## Problem details:
In the entries below, find the line with "Bicicleta estática Technogym forma" and the line with "Federhalter aus gehämmertem". Reproduce those two lines and every line between them exactly, and nothing more.

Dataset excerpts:
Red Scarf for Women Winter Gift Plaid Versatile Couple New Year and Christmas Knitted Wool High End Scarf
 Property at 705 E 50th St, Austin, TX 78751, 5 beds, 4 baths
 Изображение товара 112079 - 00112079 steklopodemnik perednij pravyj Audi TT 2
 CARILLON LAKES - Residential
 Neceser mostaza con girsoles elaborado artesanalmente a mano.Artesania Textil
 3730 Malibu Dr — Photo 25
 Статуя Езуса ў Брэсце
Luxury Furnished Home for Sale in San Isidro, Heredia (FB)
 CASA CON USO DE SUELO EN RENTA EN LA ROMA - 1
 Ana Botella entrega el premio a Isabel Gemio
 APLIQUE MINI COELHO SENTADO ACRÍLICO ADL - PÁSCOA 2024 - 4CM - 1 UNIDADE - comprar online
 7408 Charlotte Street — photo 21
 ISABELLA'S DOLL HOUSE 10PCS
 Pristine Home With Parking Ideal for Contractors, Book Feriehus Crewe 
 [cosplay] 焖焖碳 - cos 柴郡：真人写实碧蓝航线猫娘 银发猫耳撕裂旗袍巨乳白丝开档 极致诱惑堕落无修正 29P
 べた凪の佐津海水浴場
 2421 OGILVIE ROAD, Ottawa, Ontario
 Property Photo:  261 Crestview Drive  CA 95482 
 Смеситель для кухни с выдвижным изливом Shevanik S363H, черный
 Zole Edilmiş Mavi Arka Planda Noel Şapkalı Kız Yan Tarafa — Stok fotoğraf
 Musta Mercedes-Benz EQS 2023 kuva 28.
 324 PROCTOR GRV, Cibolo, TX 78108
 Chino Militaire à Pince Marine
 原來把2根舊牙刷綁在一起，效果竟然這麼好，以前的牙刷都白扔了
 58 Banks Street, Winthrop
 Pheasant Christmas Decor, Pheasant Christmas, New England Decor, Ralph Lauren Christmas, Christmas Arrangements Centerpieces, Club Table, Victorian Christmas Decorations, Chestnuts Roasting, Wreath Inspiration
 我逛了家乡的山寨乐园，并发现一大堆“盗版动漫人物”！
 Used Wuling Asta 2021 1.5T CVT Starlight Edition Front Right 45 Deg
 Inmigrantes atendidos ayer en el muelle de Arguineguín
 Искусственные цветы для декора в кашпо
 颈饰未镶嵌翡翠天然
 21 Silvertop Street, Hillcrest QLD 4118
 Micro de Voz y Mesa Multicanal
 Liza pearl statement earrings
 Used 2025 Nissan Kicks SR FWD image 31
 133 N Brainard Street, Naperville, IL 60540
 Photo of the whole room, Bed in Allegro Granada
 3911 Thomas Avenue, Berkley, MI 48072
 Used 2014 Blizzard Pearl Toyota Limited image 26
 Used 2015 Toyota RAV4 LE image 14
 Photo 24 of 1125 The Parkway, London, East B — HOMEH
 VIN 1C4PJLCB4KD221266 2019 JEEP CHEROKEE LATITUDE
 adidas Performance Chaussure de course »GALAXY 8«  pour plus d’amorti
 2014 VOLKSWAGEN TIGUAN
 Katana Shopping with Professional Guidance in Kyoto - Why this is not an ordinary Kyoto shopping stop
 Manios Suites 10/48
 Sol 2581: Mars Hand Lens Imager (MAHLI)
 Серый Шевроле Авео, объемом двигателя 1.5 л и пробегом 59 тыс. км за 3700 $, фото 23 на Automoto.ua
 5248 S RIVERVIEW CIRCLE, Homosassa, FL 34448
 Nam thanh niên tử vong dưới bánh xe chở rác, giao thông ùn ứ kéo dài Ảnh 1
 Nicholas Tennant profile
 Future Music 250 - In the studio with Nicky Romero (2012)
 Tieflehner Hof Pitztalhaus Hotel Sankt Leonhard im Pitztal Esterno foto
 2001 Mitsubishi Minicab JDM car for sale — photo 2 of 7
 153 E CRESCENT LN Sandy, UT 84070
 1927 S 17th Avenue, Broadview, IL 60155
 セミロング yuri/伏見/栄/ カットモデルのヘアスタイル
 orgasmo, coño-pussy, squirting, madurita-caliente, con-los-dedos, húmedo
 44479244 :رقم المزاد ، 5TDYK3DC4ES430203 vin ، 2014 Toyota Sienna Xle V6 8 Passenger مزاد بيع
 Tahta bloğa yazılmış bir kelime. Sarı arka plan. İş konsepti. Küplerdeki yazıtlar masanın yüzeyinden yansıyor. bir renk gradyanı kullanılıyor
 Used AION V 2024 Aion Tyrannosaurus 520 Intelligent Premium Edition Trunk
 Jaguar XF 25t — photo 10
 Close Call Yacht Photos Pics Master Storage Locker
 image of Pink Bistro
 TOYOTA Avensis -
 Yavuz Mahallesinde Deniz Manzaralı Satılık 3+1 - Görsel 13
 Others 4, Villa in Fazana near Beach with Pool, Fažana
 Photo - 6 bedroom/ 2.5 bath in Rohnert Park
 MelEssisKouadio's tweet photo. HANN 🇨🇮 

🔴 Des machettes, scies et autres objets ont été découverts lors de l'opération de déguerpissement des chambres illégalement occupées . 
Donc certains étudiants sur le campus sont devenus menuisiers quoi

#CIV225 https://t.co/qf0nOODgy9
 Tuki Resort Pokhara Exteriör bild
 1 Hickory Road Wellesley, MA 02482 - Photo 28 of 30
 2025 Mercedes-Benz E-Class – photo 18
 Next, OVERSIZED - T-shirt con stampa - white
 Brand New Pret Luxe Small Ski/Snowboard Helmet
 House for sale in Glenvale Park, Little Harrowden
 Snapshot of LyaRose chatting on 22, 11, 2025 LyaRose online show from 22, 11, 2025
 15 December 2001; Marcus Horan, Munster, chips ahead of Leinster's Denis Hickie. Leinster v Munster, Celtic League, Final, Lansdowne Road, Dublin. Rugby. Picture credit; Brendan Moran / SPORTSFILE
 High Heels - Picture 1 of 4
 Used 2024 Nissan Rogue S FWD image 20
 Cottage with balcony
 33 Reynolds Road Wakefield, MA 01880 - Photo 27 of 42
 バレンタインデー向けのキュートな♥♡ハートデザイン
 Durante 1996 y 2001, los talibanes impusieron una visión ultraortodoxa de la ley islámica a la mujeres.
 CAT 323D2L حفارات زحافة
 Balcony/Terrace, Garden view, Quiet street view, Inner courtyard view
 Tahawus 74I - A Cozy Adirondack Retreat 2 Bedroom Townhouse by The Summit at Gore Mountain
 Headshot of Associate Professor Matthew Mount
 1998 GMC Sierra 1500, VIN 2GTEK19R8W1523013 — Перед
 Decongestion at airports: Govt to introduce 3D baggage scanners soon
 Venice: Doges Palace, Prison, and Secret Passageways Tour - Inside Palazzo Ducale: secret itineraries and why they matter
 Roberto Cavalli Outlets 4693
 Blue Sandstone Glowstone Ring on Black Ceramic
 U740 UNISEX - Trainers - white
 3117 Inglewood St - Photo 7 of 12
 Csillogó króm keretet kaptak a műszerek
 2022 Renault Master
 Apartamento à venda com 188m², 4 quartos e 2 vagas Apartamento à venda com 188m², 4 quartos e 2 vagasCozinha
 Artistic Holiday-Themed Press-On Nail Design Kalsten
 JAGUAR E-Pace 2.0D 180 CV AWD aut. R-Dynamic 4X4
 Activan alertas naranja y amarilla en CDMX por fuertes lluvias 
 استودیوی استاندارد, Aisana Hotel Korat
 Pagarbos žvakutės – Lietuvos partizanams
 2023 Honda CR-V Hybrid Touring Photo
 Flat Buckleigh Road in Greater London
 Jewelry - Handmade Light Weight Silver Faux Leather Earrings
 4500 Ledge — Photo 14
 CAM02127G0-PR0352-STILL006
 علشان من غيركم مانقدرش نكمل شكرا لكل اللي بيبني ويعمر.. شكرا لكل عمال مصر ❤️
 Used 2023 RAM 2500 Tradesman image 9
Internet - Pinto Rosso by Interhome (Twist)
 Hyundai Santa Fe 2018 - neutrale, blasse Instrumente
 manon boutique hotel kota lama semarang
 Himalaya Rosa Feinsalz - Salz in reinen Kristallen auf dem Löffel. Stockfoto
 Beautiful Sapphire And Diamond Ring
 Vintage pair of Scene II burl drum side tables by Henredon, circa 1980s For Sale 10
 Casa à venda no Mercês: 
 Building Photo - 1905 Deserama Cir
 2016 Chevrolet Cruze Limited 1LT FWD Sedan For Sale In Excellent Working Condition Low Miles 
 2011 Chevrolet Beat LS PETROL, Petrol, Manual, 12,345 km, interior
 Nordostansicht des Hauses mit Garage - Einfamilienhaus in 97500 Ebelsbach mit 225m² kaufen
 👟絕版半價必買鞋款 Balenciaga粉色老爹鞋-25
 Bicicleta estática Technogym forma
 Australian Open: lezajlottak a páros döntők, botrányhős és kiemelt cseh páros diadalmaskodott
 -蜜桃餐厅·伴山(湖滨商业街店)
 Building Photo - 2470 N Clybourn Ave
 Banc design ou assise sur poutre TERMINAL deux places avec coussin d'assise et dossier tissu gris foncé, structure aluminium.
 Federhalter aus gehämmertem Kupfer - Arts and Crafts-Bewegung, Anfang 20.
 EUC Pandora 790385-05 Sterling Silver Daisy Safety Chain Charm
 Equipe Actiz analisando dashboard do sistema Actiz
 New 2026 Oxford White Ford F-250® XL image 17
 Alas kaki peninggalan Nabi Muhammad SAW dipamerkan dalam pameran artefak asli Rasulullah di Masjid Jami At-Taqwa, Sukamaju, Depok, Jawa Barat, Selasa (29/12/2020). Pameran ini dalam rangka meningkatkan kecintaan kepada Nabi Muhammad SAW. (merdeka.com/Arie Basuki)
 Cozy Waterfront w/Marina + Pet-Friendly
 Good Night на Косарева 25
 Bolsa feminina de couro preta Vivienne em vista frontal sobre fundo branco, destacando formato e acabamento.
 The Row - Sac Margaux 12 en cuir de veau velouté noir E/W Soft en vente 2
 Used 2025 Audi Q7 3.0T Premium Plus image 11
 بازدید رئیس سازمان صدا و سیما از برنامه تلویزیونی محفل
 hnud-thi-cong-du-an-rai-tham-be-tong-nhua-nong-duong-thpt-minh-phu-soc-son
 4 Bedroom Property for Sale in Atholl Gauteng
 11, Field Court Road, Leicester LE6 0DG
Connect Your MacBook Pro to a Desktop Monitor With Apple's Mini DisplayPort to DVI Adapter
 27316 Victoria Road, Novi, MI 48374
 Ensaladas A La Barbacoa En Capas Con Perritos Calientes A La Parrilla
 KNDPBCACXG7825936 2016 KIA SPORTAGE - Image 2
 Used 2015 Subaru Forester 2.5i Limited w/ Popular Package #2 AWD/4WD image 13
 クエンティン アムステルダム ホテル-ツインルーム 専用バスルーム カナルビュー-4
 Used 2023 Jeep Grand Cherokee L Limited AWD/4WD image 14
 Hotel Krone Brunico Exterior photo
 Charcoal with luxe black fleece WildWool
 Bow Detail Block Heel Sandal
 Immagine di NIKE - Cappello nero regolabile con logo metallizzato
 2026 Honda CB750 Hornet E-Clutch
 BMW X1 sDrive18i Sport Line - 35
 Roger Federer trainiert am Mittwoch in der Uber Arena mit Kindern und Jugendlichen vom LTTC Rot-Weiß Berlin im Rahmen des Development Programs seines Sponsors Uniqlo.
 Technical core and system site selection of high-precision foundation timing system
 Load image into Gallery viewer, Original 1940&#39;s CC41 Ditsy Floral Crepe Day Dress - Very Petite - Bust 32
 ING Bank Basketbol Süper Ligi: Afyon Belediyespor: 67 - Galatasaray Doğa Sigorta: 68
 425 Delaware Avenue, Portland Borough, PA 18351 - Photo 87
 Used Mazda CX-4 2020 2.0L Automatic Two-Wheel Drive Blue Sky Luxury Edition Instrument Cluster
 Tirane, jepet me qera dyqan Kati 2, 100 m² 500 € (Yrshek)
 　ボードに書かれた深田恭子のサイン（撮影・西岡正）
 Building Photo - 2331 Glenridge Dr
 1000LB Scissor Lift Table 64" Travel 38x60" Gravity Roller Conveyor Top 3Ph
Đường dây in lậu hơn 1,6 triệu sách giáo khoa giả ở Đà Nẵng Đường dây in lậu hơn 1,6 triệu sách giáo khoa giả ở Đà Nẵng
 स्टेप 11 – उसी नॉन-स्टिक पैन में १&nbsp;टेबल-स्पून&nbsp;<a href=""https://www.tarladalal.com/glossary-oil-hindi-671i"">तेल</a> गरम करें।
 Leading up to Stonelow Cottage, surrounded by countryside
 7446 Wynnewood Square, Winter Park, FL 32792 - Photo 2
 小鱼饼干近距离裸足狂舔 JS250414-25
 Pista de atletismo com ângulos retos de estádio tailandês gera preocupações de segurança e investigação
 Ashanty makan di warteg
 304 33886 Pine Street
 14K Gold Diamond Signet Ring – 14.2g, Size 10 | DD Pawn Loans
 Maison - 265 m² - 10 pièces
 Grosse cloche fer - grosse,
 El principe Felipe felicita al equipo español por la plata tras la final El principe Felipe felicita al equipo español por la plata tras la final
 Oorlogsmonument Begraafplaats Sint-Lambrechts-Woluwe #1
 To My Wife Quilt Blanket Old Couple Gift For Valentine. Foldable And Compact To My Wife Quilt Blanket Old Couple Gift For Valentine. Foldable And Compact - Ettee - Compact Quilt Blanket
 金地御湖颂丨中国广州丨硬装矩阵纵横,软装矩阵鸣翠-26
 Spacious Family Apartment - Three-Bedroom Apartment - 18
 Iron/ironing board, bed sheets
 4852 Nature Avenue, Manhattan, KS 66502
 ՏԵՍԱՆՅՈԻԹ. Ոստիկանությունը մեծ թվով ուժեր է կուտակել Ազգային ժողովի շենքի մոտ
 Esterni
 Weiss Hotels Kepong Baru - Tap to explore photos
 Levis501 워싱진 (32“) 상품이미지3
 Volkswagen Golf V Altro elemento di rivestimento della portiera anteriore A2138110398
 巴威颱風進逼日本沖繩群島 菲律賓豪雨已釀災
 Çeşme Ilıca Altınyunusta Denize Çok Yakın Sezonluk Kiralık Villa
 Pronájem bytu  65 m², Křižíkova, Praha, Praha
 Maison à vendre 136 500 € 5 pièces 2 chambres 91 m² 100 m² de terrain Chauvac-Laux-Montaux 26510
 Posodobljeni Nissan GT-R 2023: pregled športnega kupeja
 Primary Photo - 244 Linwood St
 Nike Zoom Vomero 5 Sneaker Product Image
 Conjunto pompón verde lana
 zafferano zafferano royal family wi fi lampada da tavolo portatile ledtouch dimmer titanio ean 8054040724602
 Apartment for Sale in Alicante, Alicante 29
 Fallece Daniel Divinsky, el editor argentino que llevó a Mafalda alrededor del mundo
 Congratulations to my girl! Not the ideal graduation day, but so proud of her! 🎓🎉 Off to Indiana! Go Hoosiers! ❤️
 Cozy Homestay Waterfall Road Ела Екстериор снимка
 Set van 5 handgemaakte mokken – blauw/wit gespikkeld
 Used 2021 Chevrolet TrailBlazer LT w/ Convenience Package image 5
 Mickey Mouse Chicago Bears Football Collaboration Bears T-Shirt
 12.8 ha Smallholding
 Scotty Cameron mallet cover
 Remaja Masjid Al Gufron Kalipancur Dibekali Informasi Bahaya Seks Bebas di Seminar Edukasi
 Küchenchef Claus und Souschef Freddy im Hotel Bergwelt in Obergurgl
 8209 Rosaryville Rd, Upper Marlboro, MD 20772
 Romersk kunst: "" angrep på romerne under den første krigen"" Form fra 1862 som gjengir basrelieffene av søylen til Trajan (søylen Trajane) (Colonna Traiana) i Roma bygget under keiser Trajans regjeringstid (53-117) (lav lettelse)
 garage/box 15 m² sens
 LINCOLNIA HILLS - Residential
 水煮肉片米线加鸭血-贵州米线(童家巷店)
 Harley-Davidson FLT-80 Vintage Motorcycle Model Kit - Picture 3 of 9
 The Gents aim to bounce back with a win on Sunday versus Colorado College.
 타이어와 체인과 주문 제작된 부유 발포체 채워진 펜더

## Finished exercise:
 Bicicleta estática Technogym forma
 Australian Open: lezajlottak a páros döntők, botrányhős és kiemelt cseh páros diadalmaskodott
 -蜜桃餐厅·伴山(湖滨商业街店)
 Building Photo - 2470 N Clybourn Ave
 Banc design ou assise sur poutre TERMINAL deux places avec coussin d'assise et dossier tissu gris foncé, structure aluminium.
 Federhalter aus gehämmertem Kupfer - Arts and Crafts-Bewegung, Anfang 20.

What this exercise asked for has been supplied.